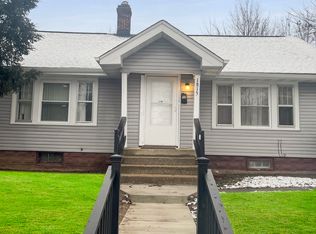 1815 Green St, Rockford, IL 61102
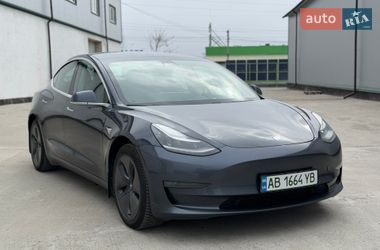 Седан Tesla Model 3 2019 в Вінниці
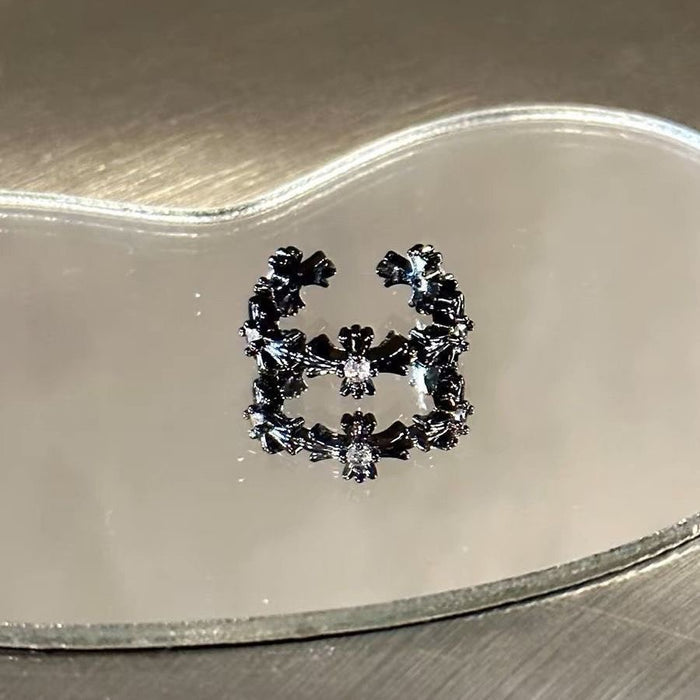 Wholesale The ring features a niche design with a high-end feel, suitable for couples. It is a simple, light, and luxurious open mouth ring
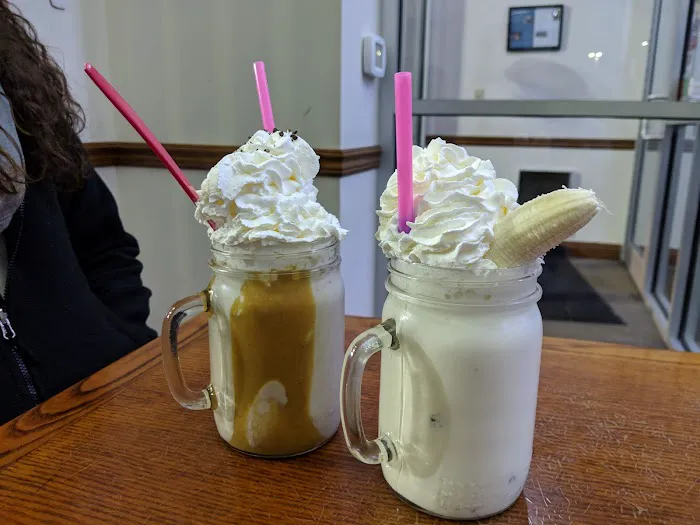 Pav's Creamery in Green Picture 8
============
The whole listing above, word for word: repeat it with the pictures excluded.

 1815 Green St, Rockford, IL 61102
 Седан Tesla Model 3 2019 в Вінниці
 Wholesale The ring features a niche design with a high-end feel, suitable for couples. It is a simple, light, and luxurious open mouth ring
 Pav's Creamery in Green Picture 8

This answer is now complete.